■ Directions
Omit the pictures, then reproduce every remaining record exactly.

■ Records for the exercise
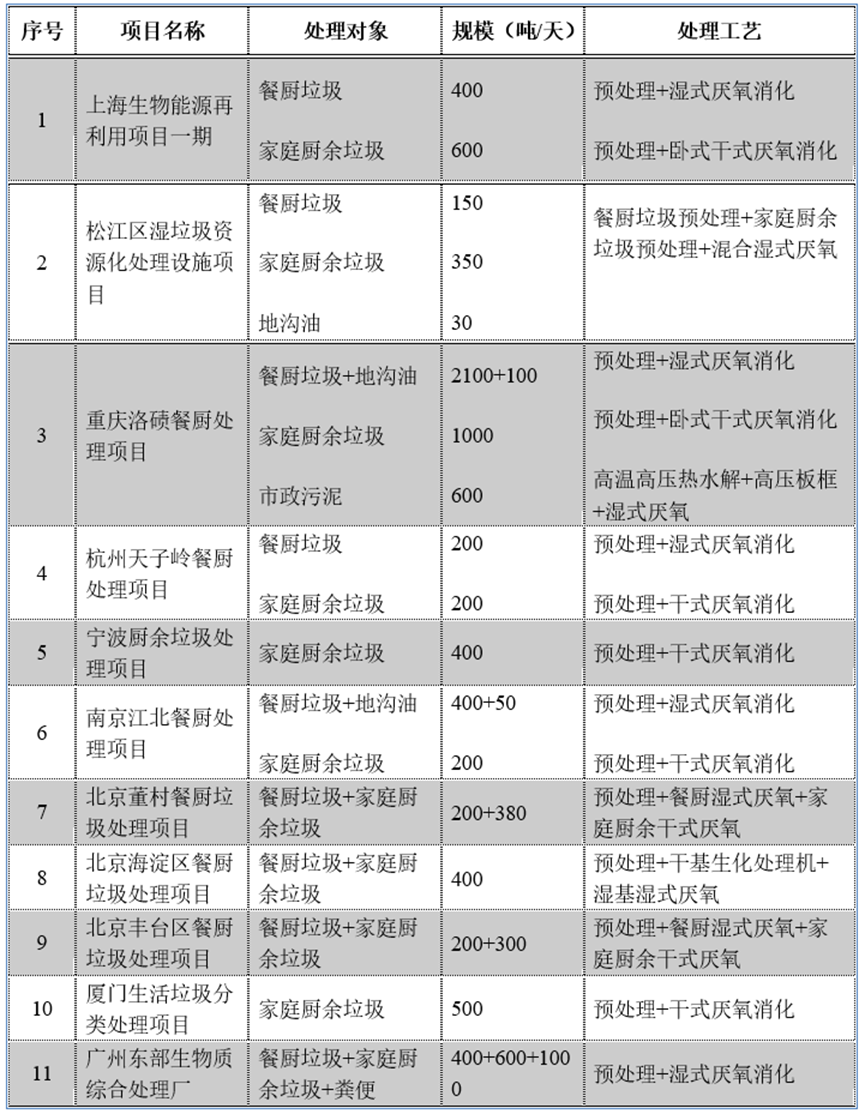 【阿拉丁观察】厨余垃圾处理成为生活垃圾分类重要一环 【阿拉丁观察】厨余垃圾处理成为生活垃圾分类重要一环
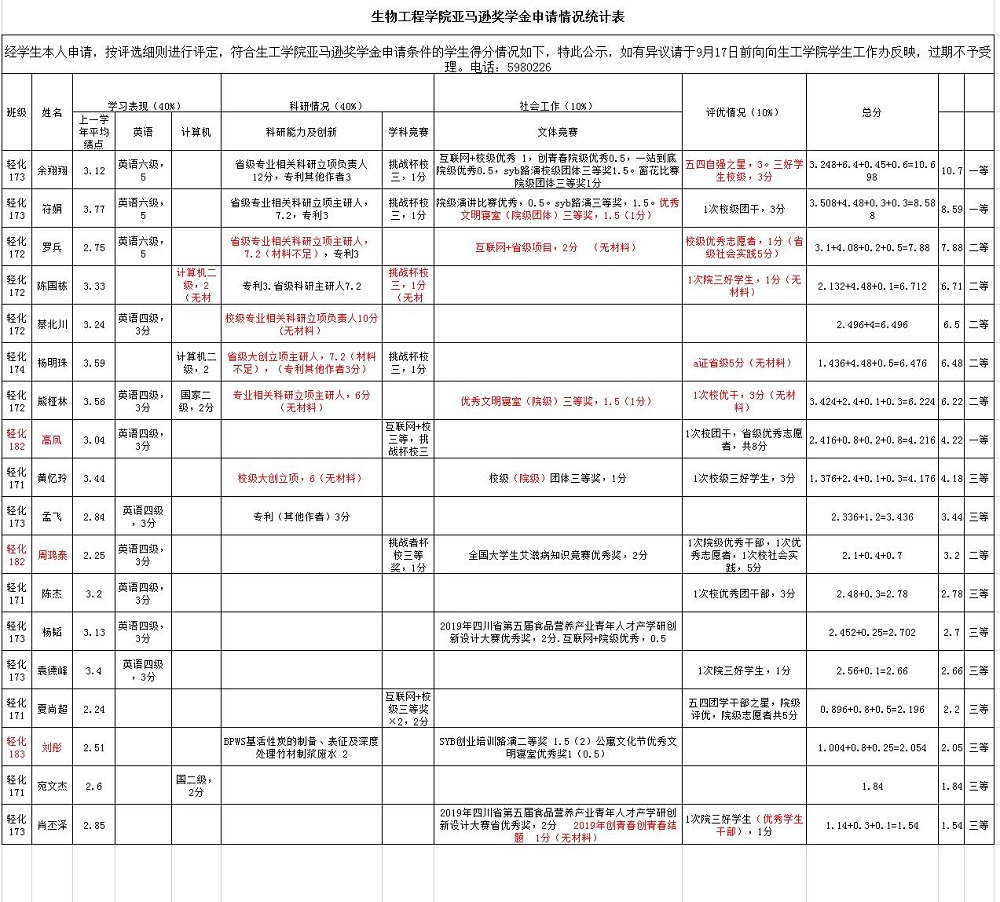 亚马逊公示.jpg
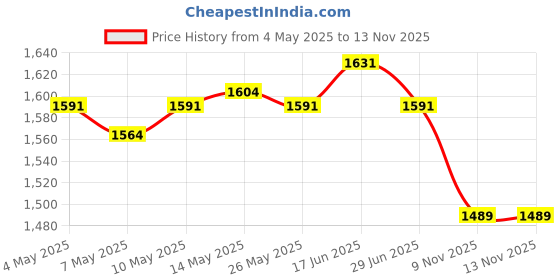 amazon.in Bulb Planter Multifunctional Adjustable Sod Remover for Greenhouse Lawn Farm 6.5cm Diameter Price History Graph from 4 May 2025 to 13 Nov 2025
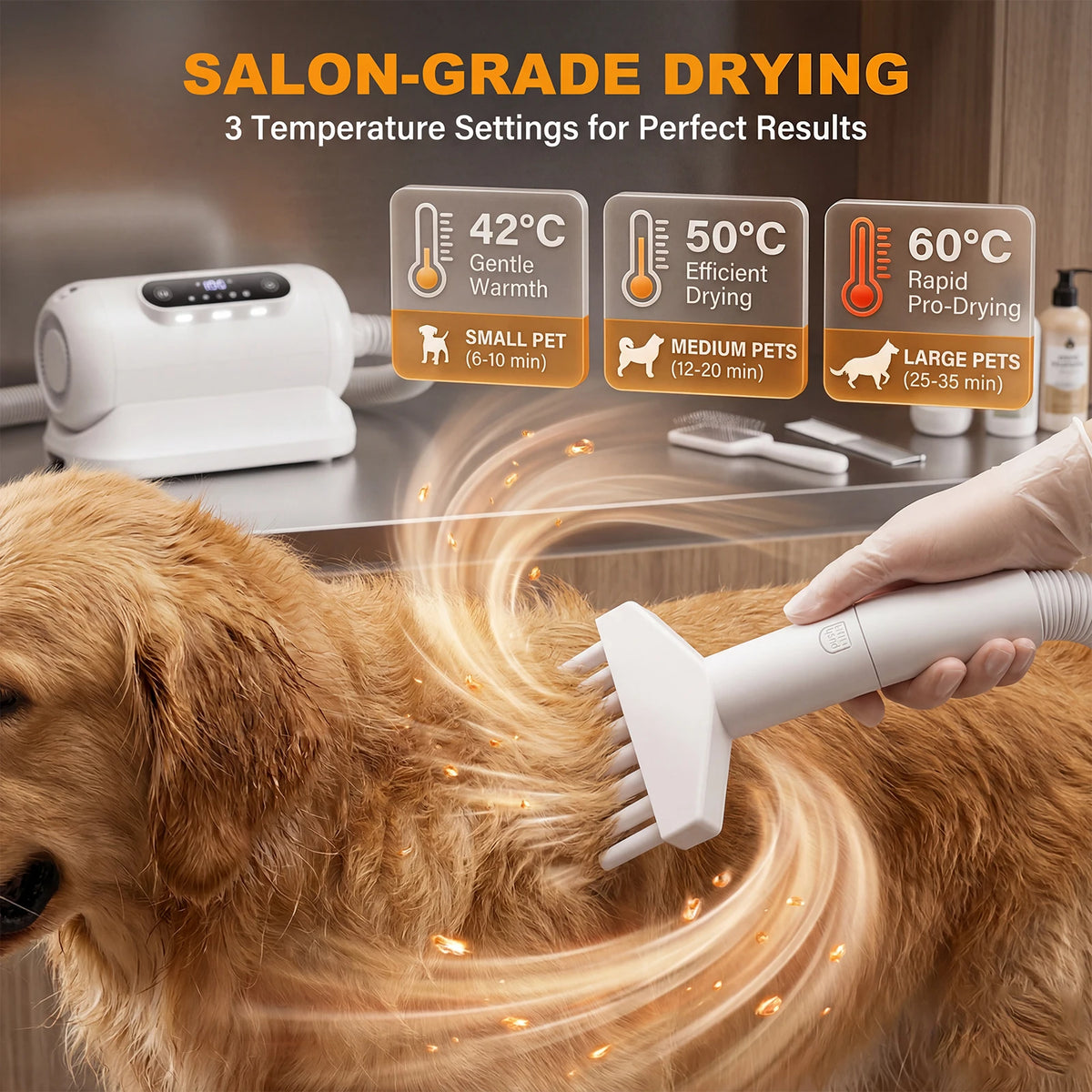 8 in1 Pet Grooming Vacuum&Dryer Kit 2.2L Dust Cup Multifunctional Pet Grooming Vacuum Kit 3-Speed Dog Hair Vacuum Cleaner with Suction,Low Noise Cat Dog Grooming Kit with Electric Clippers,Blow Dryer&15-Piece Tools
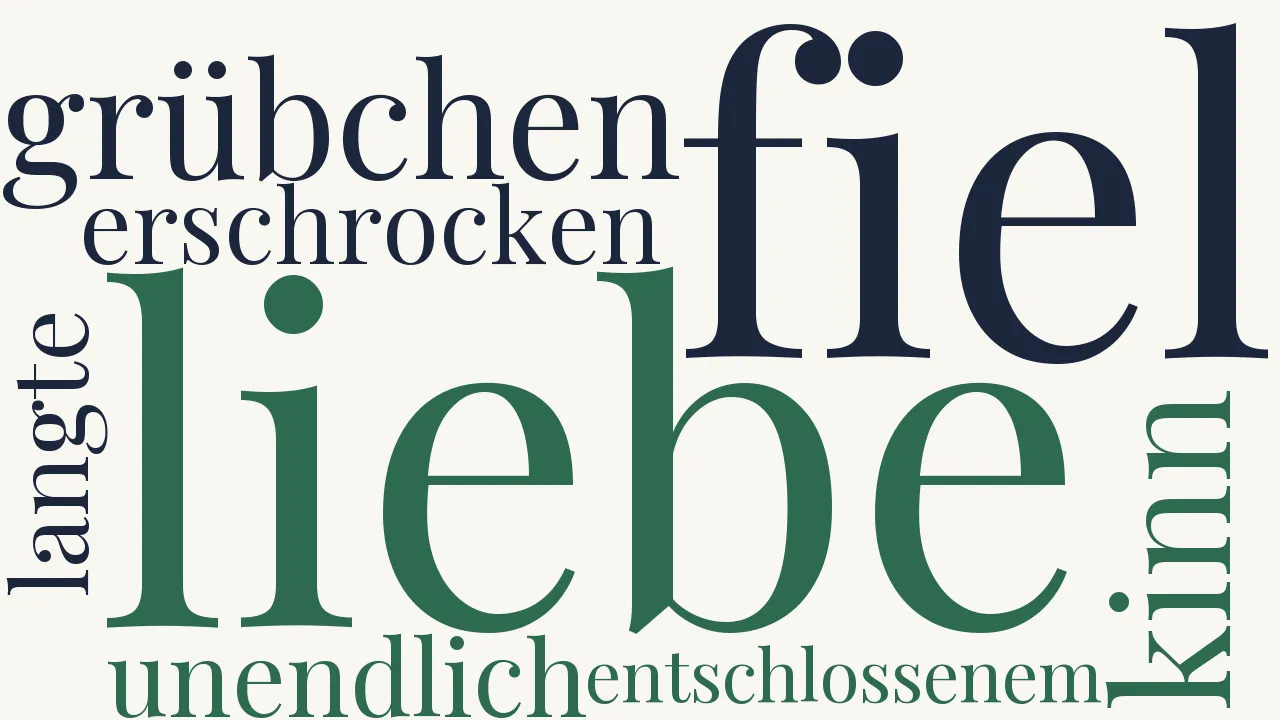 Wortwolke zu Glückliche Rettung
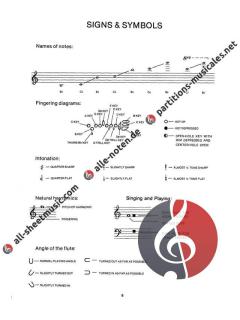 Tone Development Through Extended Techniques von R. Dick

■ Result below
 【阿拉丁观察】厨余垃圾处理成为生活垃圾分类重要一环 【阿拉丁观察】厨余垃圾处理成为生活垃圾分类重要一环
 亚马逊公示.jpg
 amazon.in Bulb Planter Multifunctional Adjustable Sod Remover for Greenhouse Lawn Farm 6.5cm Diameter Price History Graph from 4 May 2025 to 13 Nov 2025
 8 in1 Pet Grooming Vacuum&Dryer Kit 2.2L Dust Cup Multifunctional Pet Grooming Vacuum Kit 3-Speed Dog Hair Vacuum Cleaner with Suction,Low Noise Cat Dog Grooming Kit with Electric Clippers,Blow Dryer&15-Piece Tools
 Wortwolke zu Glückliche Rettung
 Tone Development Through Extended Techniques von R. Dick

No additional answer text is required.